**What you are asked to do**
With the pictures left out, copy the listing below exactly.

[[ The data open ]]

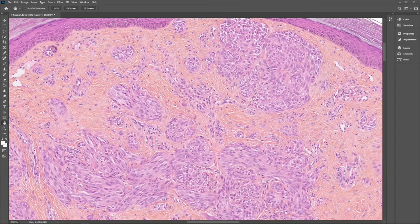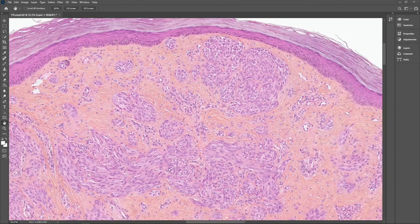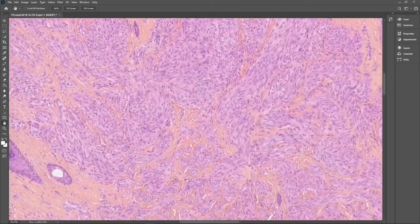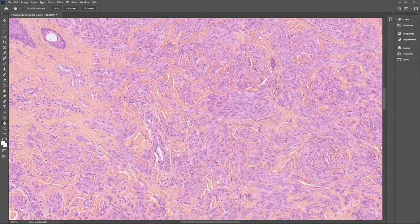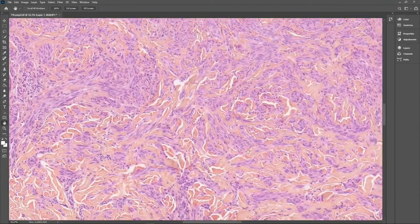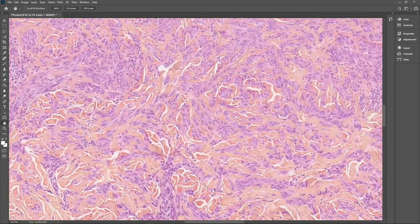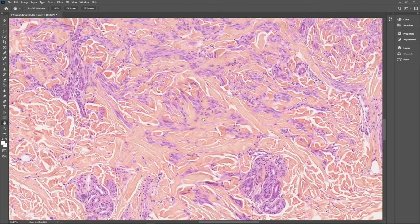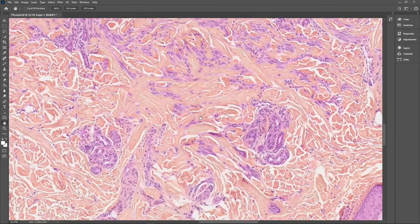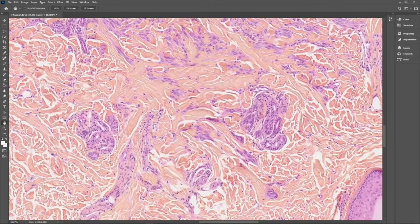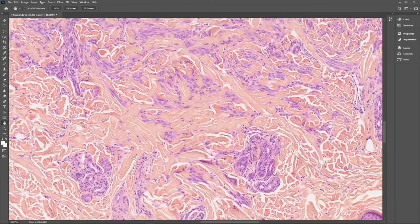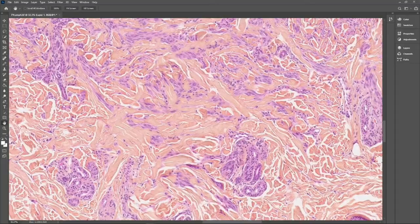If we go downwards, we see that the size of the nests is diminishing and we have exactly the same cytology. The fascicles get smaller as we get deeper into the dermis.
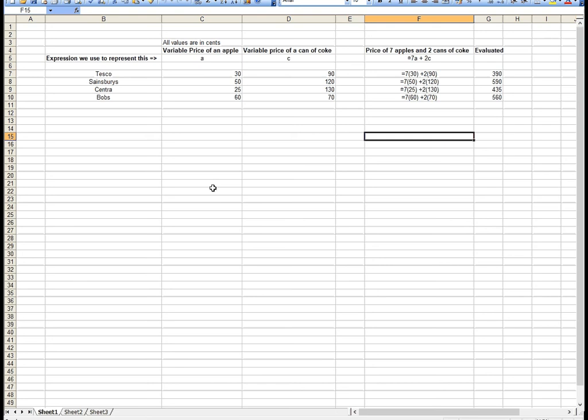Hello and welcome to Steps to Maths. In this short video, I'm going to introduce you to the idea of algebra using a spreadsheet.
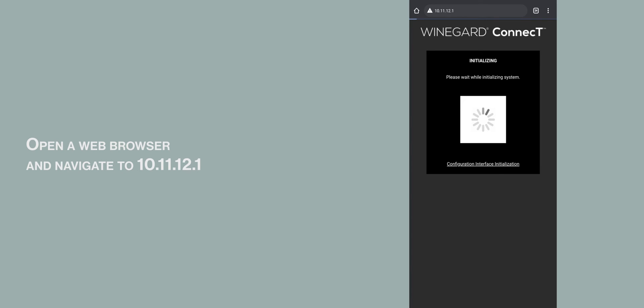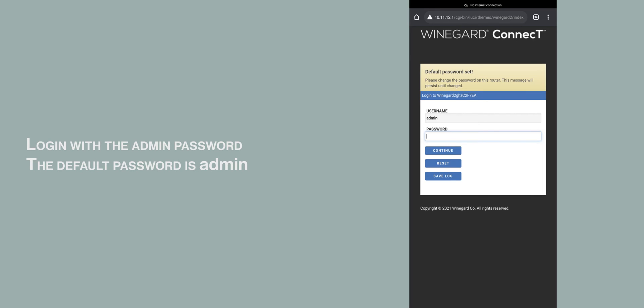Open a web browser and navigate to 10.11.12.1. Log in with the admin password. The default password is admin.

[[ The data closed ]]

**Task result**
If we go downwards, we see that the size of the nests is diminishing and we have exactly the same cytology. The fascicles get smaller as we get deeper into the dermis.
Hello and welcome to Steps to Maths. In this short video, I'm going to introduce you to the idea of algebra using a spreadsheet.
Open a web browser and navigate to 10.11.12.1. Log in with the admin password. The default password is admin.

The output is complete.